[TUTORIAL] PVE 8.22 / Kernel 6.8 and NVidia vGPU

patrickob · Aug 10, 2024

Thanks for pointing to the vGPU-Unlock-patcher! I tried to get this to work. For it, I had to update the patch.sh file to include the L40S parameters:

Code:

vcfgclone ${TARGET}/vgpuConfig.xml 0x26B5 0x176F 0x26B9 0x0000      # L40S

this however is just one profile of the L40S.

Then I included the NVIDIA-Linux-x86_64-535.161.05-vgpu-kvm package and ran the patch and then ./nvidia-installer --dkms -m=kernel.

Sadly, it gave another error:

Code:

Unable to load the kernel module 'nvidia-vgpu-vfio.ko'.  This happens most frequently when this kernel    
         module was built against the wrong or improperly configured kernel sources, with a version of gcc that
         differs from the one used to build the target kernel, or if another driver, such as nouveau, is present and
         prevents the NVIDIA kernel module from obtaining ownership of the NVIDIA device(s), or no NVIDIA device    
         installed in this system is supported by this NVIDIA Linux graphics driver release.
                                                                                                                   
         Please see the log entries 'Kernel module load error' and 'Kernel messages' at the end of the file
         '/var/log/nvidia-installer.log' for more information.

In the log, there are a ton of errors.

I found the patch github has a discord server. There I noticed that another user had a similar experience. All installed well, but mdevctl types empty with L40S and ProxMox 8.

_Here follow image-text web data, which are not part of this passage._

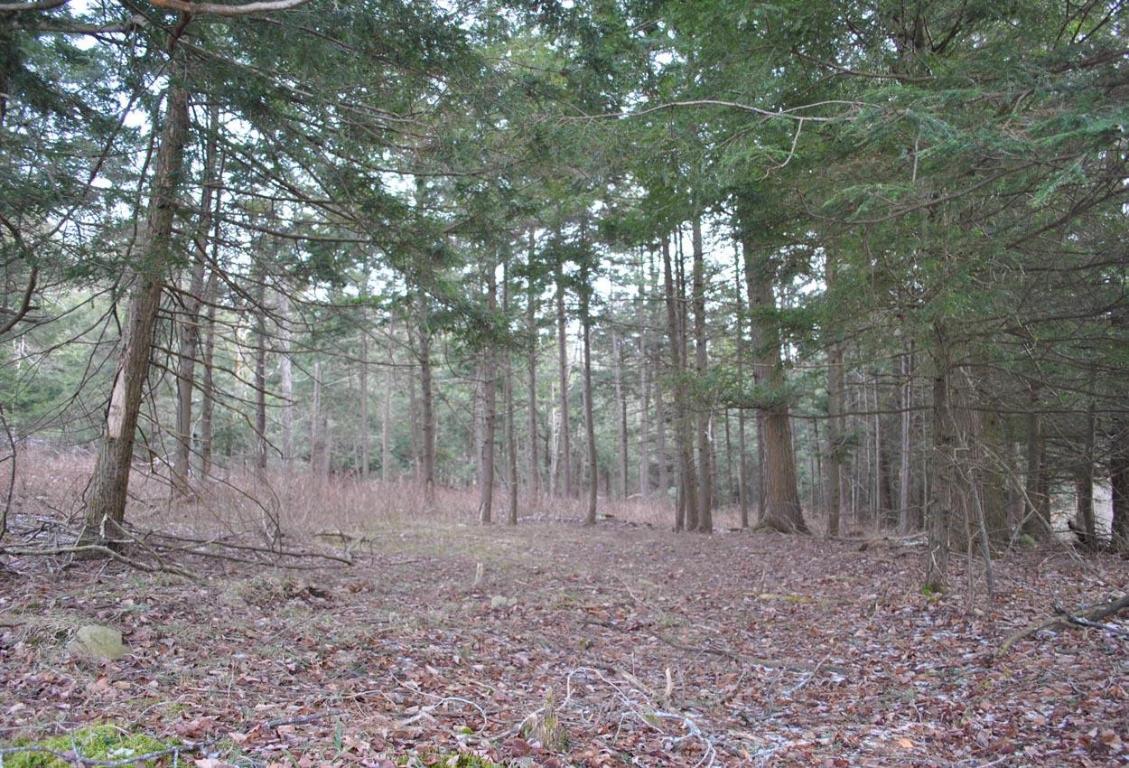 184 Campo Road Jefferson, NY 12093 - Photo 44 of 54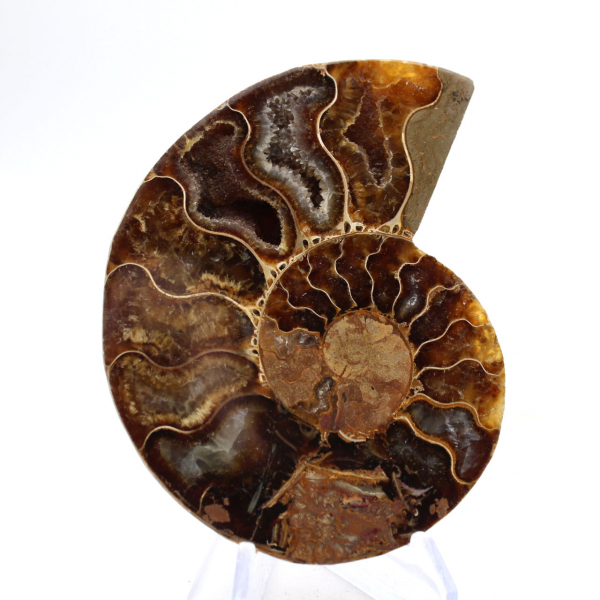 Ammonites claros de Madagascar: Delicadeza y detalles
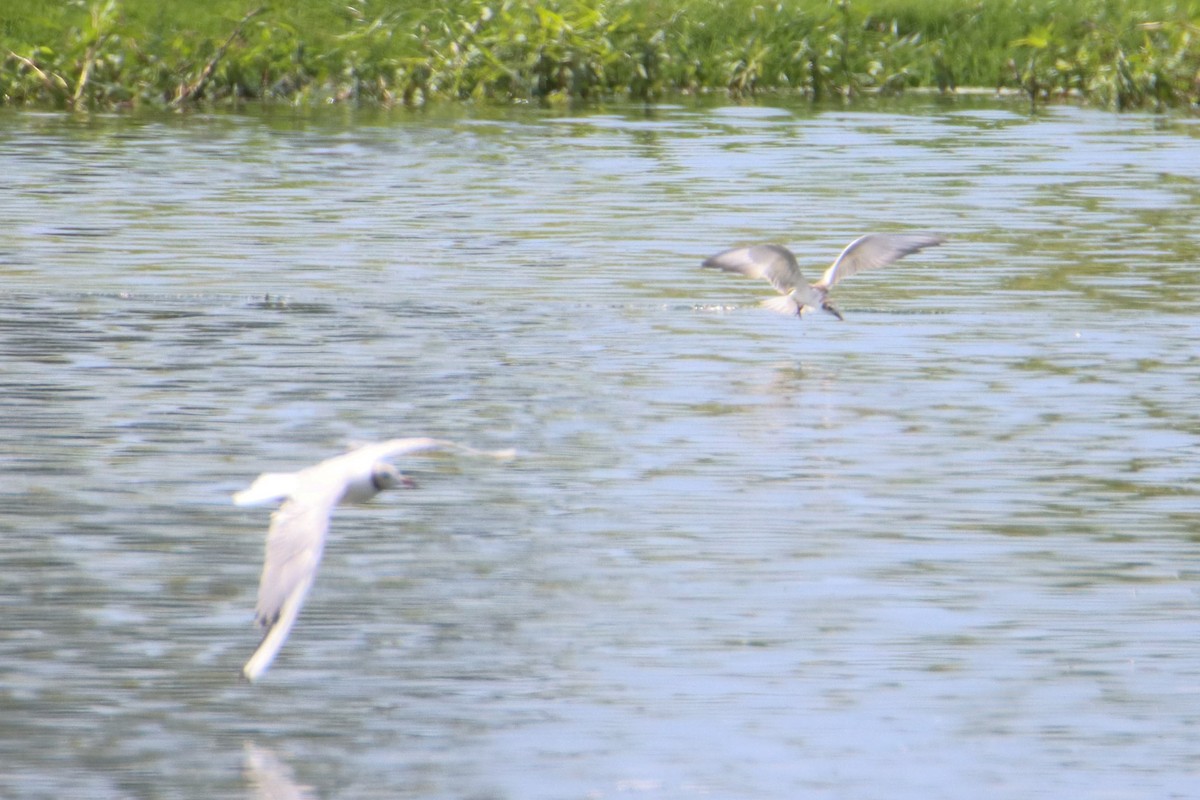 Whiskered Tern - ML622515818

Sadly, in his last post, while he says it's solved, he mentioned he went back to PVE 7.4 with kernel 6.2.16-20-bpo11-pve and host driver 535.183.04. That's quite the pain to do, as there is no rollback from 8 -> 7, but only full wipe and reinstall...

KciNicK · Aug 10, 2024

NVIDIA-Linux-x86_64-535.161.05-vgpu-kvm will not work, use NVIDIA-Linux-x86_64-550.90.05-vgpu-kvm instead, and no need to edit the patch as L40S is already supported

patrickob · Aug 10, 2024

ah lol

I thought I had to patch the file, and it gave an error on 550.90. That's why I went to 535.161 as it was in the patch written already.

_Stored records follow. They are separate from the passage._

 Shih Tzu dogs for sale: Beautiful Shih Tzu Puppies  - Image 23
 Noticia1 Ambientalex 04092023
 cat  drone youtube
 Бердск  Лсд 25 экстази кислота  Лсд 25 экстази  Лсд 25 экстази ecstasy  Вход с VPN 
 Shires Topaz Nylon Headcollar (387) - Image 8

With 550.90, it gave the errors in attachment...

KciNicK · Aug 10, 2024

i'm really sorry, my mistake, this is the correct line to get the 550.90 patch

# git clone --recursive --branch 550.90 https://github.com/VGPU-Community-Drivers/vGPU-Unlock-patcher

patrickob · Aug 10, 2024

Super! That indeed made it that I could run the patcher. So one step further!

When I then run

Code:

./nvidia-installer --dkms -m=kernel

I get the following:

Code:

[16182.286839] NVRM: The NVIDIA GPU 0000:e3:00.0 (PCI ID: 10de:26b9)
               NVRM: installed in this vGPU host system is not supported by
               NVRM: proprietary nvidia.ko.
               NVRM: Please see the 'Open Linux Kernel Modules' and 'GSP
               NVRM: Firmware' sections in the NVIDIA Virtual GPU (vGPU)
               NVRM: Software documentation, available at docs.nvidia.com.
[16182.286902] nvidia: probe of 0000:e3:00.0 failed with error -1
[16182.287016] NVRM: The NVIDIA GPU 0000:82:00.0 (PCI ID: 10de:26b9)
               NVRM: installed in this vGPU host system is not supported by
               NVRM: proprietary nvidia.ko.
               NVRM: Please see the 'Open Linux Kernel Modules' and 'GSP
               NVRM: Firmware' sections in the NVIDIA Virtual GPU (vGPU)
               NVRM: Software documentation, available at docs.nvidia.com.
[16182.287066] nvidia: probe of 0000:82:00.0 failed with error -1
[16182.289862] NVRM: The NVIDIA probe routine was not called for 64 device(s).
[16182.289866] NVRM: This can occur when another driver was loaded and
               NVRM: obtained ownership of the NVIDIA device(s).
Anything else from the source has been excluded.